The year’s first red king crab fishery at Norton Sound has yielded 17,000 pounds so far of its nearly 40,000 pound winter quota for more than 50 local fishermen. The crab, which are taken through the ice near Nome, are paying out at a record $7.75 a pound. A summer opener will produce a combined catch of nearly half a million pounds for the region.

Red king crab from Bristol Bay also yielded the highest price ever for fishermen, averaging $10.89 per pound. That catch quota of eight million pounds was down 15 percent from the previous season.

The Bering Sea snow crab fleet has taken 80 percent of its 19 million pound quota, down by nearly half from last year. That’s pushed market prices through the roof, topping $8.30 a pound at wholesale in both the US and Japan, compared to over $5.50 per pound a year ago.

Alaska produces only about 10 percent of the world’s snow crab, with most of the pack by far coming from Eastern Canada, followed by Russia. On the snow crab menu front — McDonald's has begun testing a new snow crab sandwich in several San Francisco Bay locations. If it’s a hit, the sandwich could advance to nearly 250 outlets this year.

Since mid-February, about 100 small boat crabbers in Southeast Alaska have been hauling pots for 105,000 pounds of golden king crab, which can reach as high as $10 a pound at the docks. A local Tanner crab fishery just wrapped up, with a catch that will likely come in at around one million pounds.

Tanner crab is the talk of the town throughout Cordova and Prince William Sound, where later this month the state Board of Fisheries could create a harvest plan and regulations to open a fishery for the first time in 27 years. The region produced 13 million pounds of Tanners before the Exxon Valdez oil spill, but locals believe the stock is now strong enough able to support a fishery for commercial and sport users.

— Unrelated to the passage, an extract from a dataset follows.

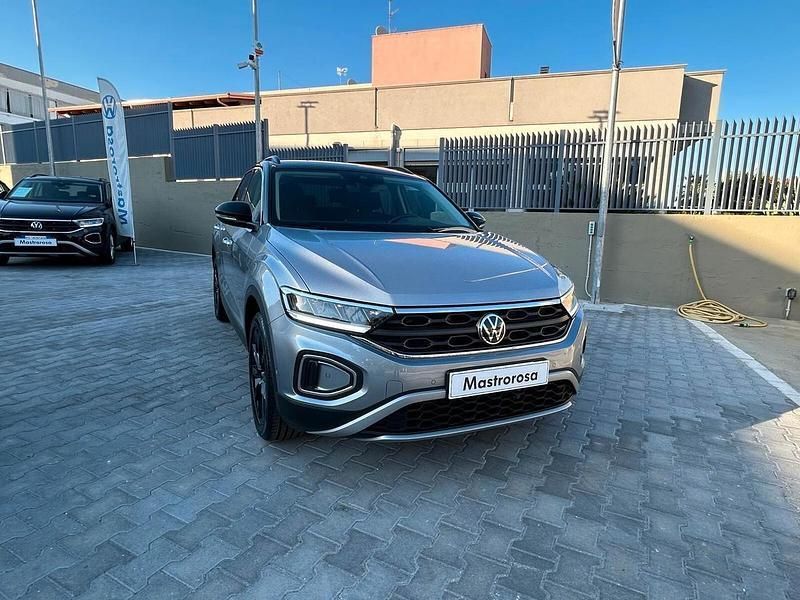 Grigio Usata 2023 VW T-Roc Sport SUV | 22.500 € (Buon prezzo) - Immagine 1/4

“It’s largely the opinion of the people around here that the fishery could support an expanded harvest,” said John Whissel, director of natural resources for the Native Village of Eyak. “The goal here is to get away from the boom and bust cycle, where the town doubles in size in May and then shrinks when the salmon fisheries wind down.”

“There’s other opportunities around here and with oil prices being what they are and the tax rate being what it is,” he added. “Commercial fishing could play a larger role in the state budget if we gave them more chances to do that.”